◆ **WORK TO BE COMPLETED**: Report each line of the data below in which "Building" appears.

Stored records:
════════════════════
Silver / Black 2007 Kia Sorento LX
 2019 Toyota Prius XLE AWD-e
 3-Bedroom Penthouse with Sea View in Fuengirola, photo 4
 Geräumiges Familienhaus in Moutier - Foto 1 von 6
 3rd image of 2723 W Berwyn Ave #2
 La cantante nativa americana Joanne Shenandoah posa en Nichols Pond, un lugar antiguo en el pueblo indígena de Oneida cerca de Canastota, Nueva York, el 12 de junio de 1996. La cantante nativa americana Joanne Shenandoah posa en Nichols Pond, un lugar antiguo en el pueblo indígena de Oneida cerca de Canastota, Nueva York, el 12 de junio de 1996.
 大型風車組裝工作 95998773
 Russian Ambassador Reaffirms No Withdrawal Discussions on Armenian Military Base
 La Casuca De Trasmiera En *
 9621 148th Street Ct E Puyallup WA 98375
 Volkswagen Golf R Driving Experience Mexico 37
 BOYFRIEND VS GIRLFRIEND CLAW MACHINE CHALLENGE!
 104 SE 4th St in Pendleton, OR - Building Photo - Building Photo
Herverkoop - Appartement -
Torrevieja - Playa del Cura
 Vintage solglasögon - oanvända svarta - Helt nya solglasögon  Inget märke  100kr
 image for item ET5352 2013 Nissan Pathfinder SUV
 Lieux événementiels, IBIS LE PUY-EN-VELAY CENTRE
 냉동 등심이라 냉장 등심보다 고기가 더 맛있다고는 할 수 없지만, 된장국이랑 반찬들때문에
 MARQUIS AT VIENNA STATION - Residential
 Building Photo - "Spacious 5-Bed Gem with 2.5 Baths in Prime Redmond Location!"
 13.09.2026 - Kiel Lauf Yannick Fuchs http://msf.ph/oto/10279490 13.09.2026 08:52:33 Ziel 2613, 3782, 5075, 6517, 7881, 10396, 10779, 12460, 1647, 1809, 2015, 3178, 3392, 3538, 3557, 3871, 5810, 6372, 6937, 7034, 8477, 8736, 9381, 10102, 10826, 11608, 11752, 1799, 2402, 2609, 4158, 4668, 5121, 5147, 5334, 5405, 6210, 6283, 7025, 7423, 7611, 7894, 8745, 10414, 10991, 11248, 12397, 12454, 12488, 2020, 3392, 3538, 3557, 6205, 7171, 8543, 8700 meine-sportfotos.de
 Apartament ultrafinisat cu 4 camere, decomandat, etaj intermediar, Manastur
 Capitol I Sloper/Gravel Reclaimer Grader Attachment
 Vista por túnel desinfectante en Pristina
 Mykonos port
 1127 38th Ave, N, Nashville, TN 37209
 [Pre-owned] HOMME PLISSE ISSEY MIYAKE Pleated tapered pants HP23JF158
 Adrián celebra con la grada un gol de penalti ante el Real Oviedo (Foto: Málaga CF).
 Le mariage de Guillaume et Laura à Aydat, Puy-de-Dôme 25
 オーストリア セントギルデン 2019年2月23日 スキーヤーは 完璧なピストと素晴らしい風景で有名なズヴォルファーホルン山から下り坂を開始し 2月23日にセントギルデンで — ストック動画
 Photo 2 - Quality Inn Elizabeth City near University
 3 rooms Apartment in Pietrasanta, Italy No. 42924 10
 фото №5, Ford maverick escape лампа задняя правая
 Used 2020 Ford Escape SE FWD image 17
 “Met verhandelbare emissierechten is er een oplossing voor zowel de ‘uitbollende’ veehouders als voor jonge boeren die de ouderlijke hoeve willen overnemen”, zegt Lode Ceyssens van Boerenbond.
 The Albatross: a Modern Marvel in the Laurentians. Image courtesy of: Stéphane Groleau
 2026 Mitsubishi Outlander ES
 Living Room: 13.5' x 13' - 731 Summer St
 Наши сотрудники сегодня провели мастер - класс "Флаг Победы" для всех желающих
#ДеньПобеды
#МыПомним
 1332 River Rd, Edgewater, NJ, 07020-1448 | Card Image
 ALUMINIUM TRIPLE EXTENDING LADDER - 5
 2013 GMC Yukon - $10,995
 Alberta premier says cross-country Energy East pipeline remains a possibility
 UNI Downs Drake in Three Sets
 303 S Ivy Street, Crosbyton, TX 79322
════════════════════
◆ **SOLUTION FOR THIS EXERCISE**:
 104 SE 4th St in Pendleton, OR - Building Photo - Building Photo
 Building Photo - "Spacious 5-Bed Gem with 2.5 Baths in Prime Redmond Location!"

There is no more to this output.